Yo, como no podía moverme, no podía formular ni un solo sonido, y Ella
demoró en hablar, seguramente atrapada en esos instantes confusos después de
despertarte y encontrarte con que un compañero de trabajo estaba viéndote
dormir.
―¿Qué pasa? ―preguntó Ella nerviosa, después de girar el cuello varias
veces para verificar si alguien más la veía―. No estaba durmiendo, ¿verdad? ―y
pasó el dorso de su mano y el de su dedo índice por su boca.
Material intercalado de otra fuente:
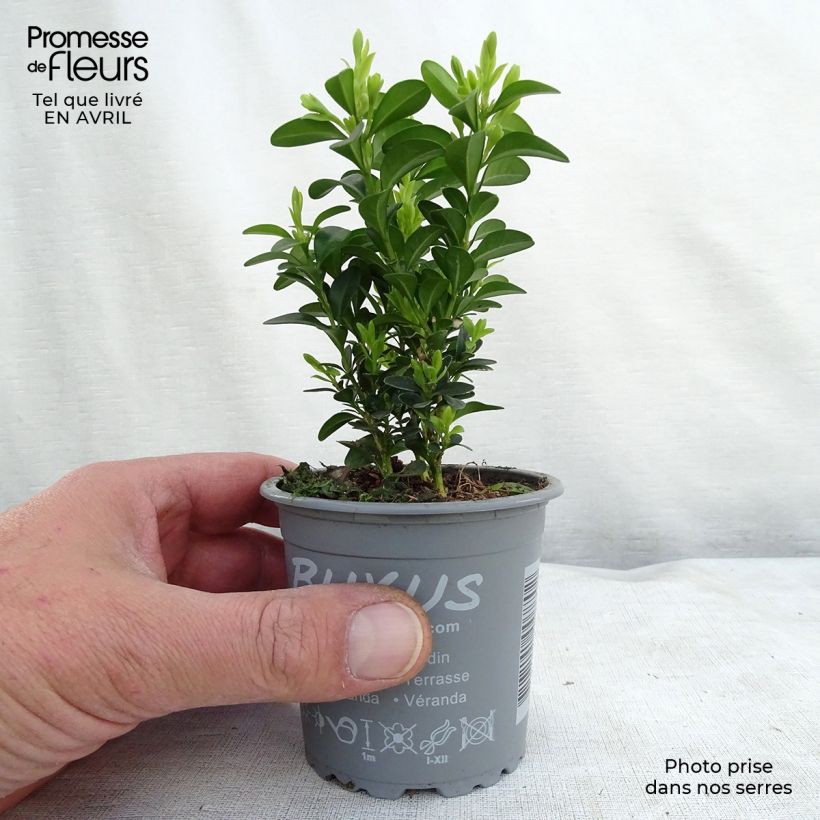 Exemplaar van Buxus sempervirens - Palmboompje voor borders Kweekpotje van 8/9 cm zoals geleverd in de lente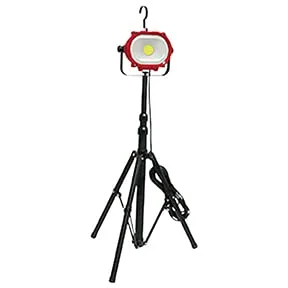 lightsdaddy301660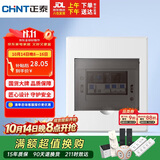 正泰强电箱配电箱明装6回路NEX5-C10600M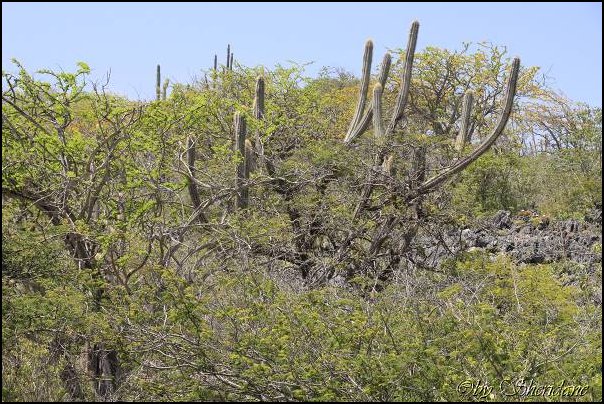 Bonaire018.jpg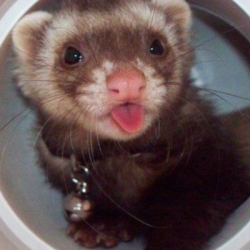 250x250 Ferret Icons Tumblr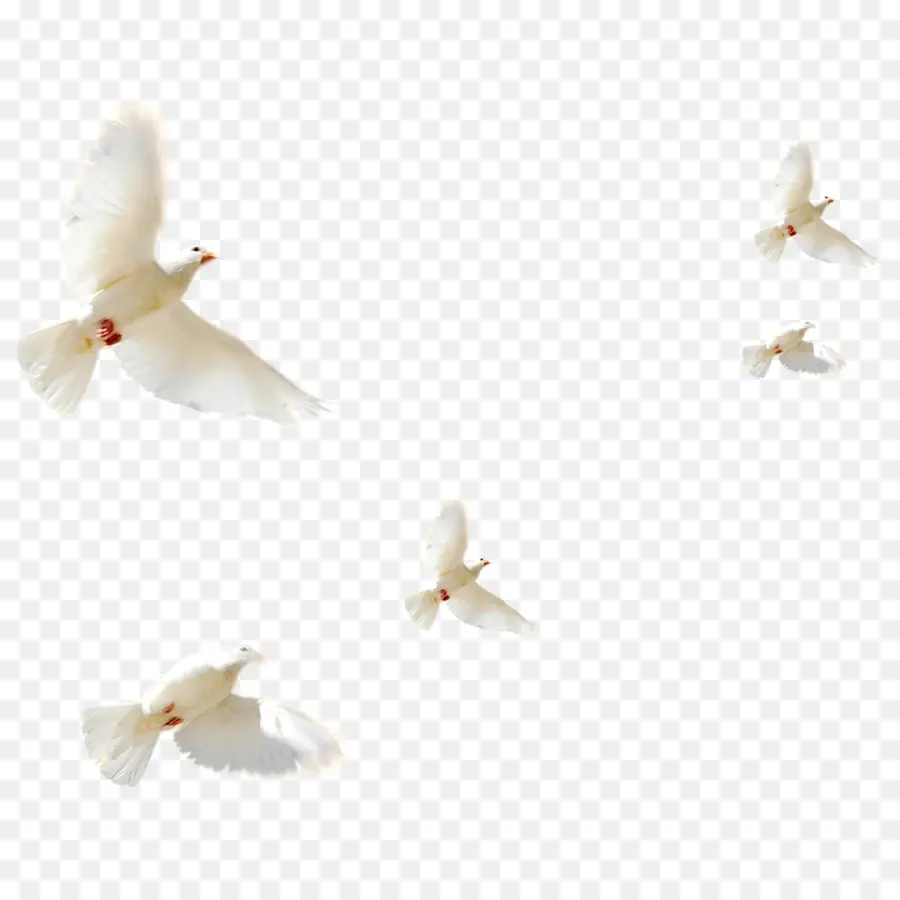 Palomas，Aves PNG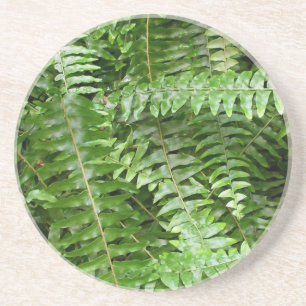 Posavasos De Arenisca Fern Fronds I Green Nature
El punto brillante
desapareció.
―Mmm… Sí ―respondí con bastante naturalidad. No me sentía tan nervioso
como otras veces que intercambié palabras triviales con Ella. Quizá el hecho de
que estuviese recién despertada me hacía sentir que de alguna manera tenía
ventaja. ¿Para qué, o por qué? No lo sé.
―Voy a decirlo de nuevo ―dijo después de chasquear la lengua con su
paladar. Les aseguro que cualquiera habría sentido lo mismo que yo si hubiese
visto sus intimidantes iris revolotear de esa manera entre sus párpados,
dejando sin brillo por un instante a sus pupilas―: No estaba durmiendo,
¿verdad? ―y recién entonces comprendí lo que tácitamente estaba pidiéndome. Me
sentí afortunado de que me pidiera algo, y también me sentí feliz.
―Ah… No, por supuesto que no.
Me sonrió y sus pómulos se ovalaron dulcemente. Me guiñó un ojo en
señal de complicidad, y… Sentí que estaba a punto de morir, o que ya había
muerto. Ella reacomodó su silla y concentró su vista en el monitor.
―Bueno… Yo… Ya me voy.
―Chau ―me respondió, y atravesé algo confuso todo el ruido de la
oficina hasta salir: estaba feliz de haberla visto dormir (aunque pueda sonar
algo enfermo tal enunciado), y de que me hubiese guiñado el ojo, pero la
despedida había sido algo recta, vacía. Me sentía un adolescente enamorado.
Quizá todos los humanos enamorados se sienten así, sin importar su edad. O
quizá todos los tontos se sienten así, sin importar ni su edad ni si están
enamorados o no. Como sea, volví a olvidar mis llaves.